* Work instructions
Take every line of the material below that includes the string "background" and copy it out.
--------------------------------
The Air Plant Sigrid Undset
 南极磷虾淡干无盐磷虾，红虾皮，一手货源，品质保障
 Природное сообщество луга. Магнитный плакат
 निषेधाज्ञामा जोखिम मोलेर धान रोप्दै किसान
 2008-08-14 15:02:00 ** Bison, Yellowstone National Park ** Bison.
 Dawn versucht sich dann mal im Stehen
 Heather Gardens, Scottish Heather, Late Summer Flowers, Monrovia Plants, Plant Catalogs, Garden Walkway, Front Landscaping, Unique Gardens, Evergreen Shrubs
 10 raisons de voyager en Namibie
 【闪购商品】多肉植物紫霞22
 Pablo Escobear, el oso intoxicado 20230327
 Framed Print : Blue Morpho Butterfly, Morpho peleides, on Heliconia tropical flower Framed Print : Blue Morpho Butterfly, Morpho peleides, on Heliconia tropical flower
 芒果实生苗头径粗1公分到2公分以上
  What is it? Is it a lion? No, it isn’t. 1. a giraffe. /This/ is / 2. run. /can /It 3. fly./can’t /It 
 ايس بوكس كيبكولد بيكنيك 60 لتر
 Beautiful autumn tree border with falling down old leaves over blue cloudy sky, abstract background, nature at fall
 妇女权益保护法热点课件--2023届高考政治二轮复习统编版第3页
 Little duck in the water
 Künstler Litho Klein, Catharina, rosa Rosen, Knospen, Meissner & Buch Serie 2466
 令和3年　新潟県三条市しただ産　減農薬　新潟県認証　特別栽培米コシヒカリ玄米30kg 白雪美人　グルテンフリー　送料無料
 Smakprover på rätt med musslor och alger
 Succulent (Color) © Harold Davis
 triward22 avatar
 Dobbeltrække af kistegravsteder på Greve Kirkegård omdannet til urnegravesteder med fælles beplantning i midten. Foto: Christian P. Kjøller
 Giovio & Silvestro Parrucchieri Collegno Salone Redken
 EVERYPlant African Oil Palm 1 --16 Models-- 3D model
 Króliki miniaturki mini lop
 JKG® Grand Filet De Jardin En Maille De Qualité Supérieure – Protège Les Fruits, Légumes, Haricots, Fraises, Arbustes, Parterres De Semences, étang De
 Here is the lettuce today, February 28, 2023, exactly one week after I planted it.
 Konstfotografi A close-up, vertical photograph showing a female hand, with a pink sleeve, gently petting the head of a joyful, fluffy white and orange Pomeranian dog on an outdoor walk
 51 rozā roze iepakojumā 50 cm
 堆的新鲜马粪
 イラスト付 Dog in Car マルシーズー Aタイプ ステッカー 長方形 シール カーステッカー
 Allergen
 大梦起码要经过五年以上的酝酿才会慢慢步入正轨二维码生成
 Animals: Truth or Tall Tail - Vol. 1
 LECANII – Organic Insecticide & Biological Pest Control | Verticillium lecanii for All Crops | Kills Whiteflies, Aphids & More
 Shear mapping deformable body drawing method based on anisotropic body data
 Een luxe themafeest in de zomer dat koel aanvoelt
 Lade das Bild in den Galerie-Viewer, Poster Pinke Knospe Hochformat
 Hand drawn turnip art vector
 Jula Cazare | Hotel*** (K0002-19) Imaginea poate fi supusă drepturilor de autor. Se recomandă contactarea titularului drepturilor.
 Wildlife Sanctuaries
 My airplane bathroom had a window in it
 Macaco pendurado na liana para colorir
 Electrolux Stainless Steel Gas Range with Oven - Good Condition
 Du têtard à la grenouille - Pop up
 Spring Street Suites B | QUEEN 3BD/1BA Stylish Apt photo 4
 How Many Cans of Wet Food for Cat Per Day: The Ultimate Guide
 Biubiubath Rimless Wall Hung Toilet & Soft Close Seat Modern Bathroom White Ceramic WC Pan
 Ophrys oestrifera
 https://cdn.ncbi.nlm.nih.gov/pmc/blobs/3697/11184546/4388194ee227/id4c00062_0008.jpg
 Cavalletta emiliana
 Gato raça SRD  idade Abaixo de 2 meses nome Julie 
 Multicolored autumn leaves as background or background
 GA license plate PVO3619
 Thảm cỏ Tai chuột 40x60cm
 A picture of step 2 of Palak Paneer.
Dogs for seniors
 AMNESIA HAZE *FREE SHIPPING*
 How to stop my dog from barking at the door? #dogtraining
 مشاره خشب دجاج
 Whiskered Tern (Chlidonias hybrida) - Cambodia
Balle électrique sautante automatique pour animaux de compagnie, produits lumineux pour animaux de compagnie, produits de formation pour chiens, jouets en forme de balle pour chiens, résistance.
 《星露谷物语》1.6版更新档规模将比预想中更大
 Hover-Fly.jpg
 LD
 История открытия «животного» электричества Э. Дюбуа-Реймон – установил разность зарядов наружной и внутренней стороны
--------------------------------
* Finished exercise
 Beautiful autumn tree border with falling down old leaves over blue cloudy sky, abstract background, nature at fall
 Multicolored autumn leaves as background or background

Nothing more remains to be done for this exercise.